I stumbled upon an article entitled Russian Lutheranism: Between Protestantism, Orthodoxy, and Catholicism. in the East-West Church & Ministry Report (Vol. 11, No. 2, Spring 2003), a journal about Christian work in the former Soviet Union and Central and Eastern Europe. The authors are an Orthodox scholar and his assistant, Sergei B. Filatov and Aleksandra Styopina.
They survey the various Lutheran groups in Russia–which owe their “traditional” bona fides to the German immigrants Catherine the Great and other Czars moved in to help modernist the country, to the strongly Lutheran Ingrian ethnic group, and to Lutherans in the Baltic regions.
They say that Lutheranism appeals to Russians because its sacramentalism and liturgical worship preserves the sense of “mystery” that they value in the Orthodox Church. Lutherans also affirm the ecumenical creeds and thus much of what Orthodoxy teaches.
But Lutheranism is said to be more “intellectual” and to promote more “freedom.” Russians like the emphasis on the Gospel and on the Bible. But they think Lutherans are less “extreme” in their theology than other Protestants. (Whatever that means.) They appreciate how Lutherans teach that salvation is by grace alone, and yet avoid the predestinarianism of Calvinists.
Also the Lutheran theology of culture–the doctrine of the Two Kingdoms–allows them to affirm Russian culture in a way that other kinds of Protestantism can’t or won’t.
Though there have been some liberal Lutherans, most Russian Lutherans have avoided the liberalism of so much of Western Christianity. That too is a plus for Russians.
The authors quote a theater director who became a Lutheran and the founder of the Bible Lutheran Church. an example of the artists, intellectuals, and scientists that the article says are especially attracted to Lutheranism. He is now a fierce of the liberal Lutheran church in Germany, which had attempted mission work in Russia and which,he says, “is penetrated by the ideas of Calvinism, Baptism, feminism, moral relativism, and secularism and is an example of spiritual degradation.”
The authors quote from a pastor of the Bible Lutheran Church in Irkutsk, words that I find astonishing:
“There are two major religions in Russia, Orthodoxy and Lutheranism. Since the sixteenth century Lutheranism together with Orthodoxy has formed a part of Russian culture, science, and politics. Without the Lutheran tradition in Russia, only half of Russia would be left and the Lutheran part is not the worst half.
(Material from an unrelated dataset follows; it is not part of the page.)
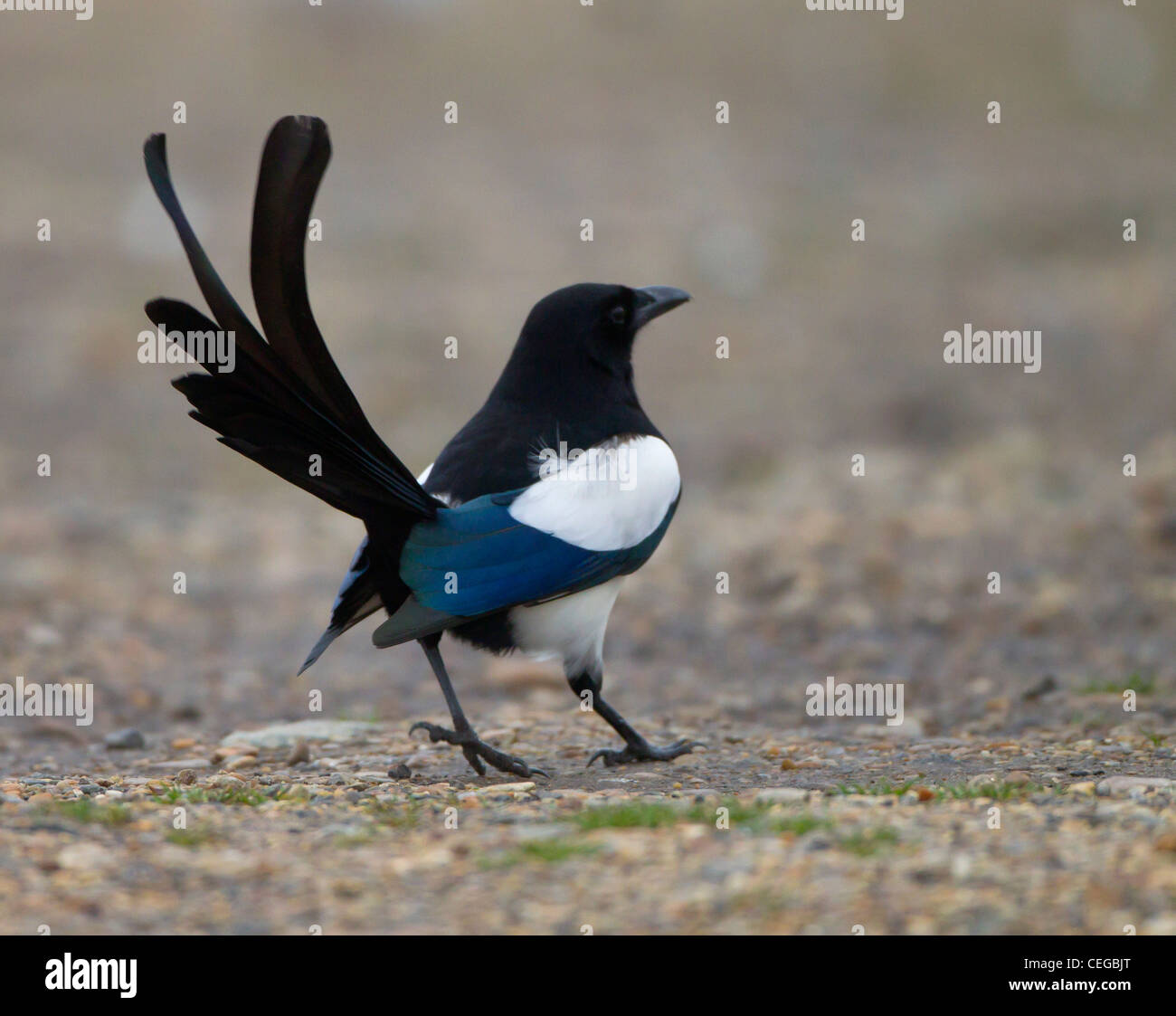 Gazza Pica pica camminando con coda diffusione aperto Foto Stock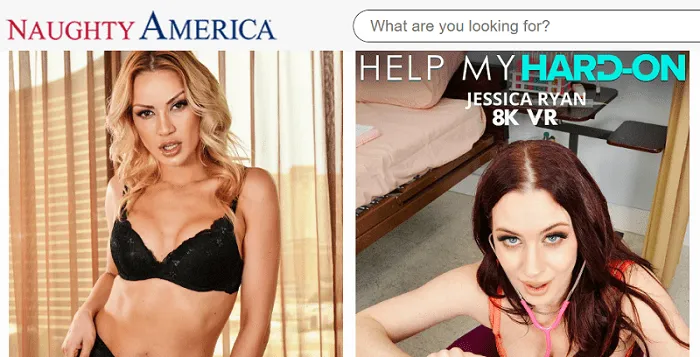 interactive websites support handy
You will become tired if you start counting everything that Lutherans have given to Russia. The regeneration of Russian Lutheranism is the restoration of the natural order of things.”
I suppose he is referring to Catherine the Great, a Lutheran before having to convert to Orthodoxy, who brought Western education and universities to Russia, along with the other Lutheran immigrants who were instrumental in bringing science, industry, and technology to what was otherwise a backward land. Russia is a unique hybrid of Asiatic and European culture. I suspect the pastor is crediting Lutheranism for the European part, though whether this is completely accurate I cannot say.
This article was published back in 2003, so I’m not sure of the situation today.
I offer this not only for what it says about Russia, but what it says about the ways Lutheranism might also speak to America and to Europe today.